▼

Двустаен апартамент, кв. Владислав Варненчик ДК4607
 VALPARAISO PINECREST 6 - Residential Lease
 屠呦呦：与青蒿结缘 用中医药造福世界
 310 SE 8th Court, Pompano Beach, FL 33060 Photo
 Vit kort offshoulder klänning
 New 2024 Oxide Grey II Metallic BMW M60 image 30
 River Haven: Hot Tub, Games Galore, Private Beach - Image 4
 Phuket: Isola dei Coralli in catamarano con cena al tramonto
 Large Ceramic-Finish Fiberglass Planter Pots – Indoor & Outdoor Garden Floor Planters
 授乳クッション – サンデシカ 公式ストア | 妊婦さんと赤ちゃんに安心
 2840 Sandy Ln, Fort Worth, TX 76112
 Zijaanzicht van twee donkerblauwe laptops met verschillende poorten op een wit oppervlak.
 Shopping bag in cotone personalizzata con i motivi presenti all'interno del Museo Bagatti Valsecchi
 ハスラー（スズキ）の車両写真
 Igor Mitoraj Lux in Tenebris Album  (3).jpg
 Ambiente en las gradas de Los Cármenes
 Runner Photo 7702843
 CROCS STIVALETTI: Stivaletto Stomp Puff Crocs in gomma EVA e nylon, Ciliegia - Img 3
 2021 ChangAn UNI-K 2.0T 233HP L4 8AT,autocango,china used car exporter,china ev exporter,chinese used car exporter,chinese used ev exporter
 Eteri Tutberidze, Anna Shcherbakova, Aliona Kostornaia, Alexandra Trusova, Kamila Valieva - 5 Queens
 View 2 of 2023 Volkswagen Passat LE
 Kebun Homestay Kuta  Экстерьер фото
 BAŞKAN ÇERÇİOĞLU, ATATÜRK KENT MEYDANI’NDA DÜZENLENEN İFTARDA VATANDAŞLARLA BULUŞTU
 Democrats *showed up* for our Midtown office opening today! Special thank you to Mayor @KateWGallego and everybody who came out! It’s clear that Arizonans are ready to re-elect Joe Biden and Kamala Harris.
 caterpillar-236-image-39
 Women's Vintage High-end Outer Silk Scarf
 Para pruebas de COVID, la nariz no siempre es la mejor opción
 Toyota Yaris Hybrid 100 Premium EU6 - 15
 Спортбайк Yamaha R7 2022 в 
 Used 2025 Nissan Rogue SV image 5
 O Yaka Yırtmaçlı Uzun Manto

▲

= INSTRUCTIONS FOR THE TASK =
Would you copy, word for word, only the lines from the start of the listing to the one that contains "2840 Sandy Ln, Fort Worth, TX 76112", both included?

= WRITTEN SOLUTION =
Двустаен апартамент, кв. Владислав Варненчик ДК4607
 VALPARAISO PINECREST 6 - Residential Lease
 屠呦呦：与青蒿结缘 用中医药造福世界
 310 SE 8th Court, Pompano Beach, FL 33060 Photo
 Vit kort offshoulder klänning
 New 2024 Oxide Grey II Metallic BMW M60 image 30
 River Haven: Hot Tub, Games Galore, Private Beach - Image 4
 Phuket: Isola dei Coralli in catamarano con cena al tramonto
 Large Ceramic-Finish Fiberglass Planter Pots – Indoor & Outdoor Garden Floor Planters
 授乳クッション – サンデシカ 公式ストア | 妊婦さんと赤ちゃんに安心
 2840 Sandy Ln, Fort Worth, TX 76112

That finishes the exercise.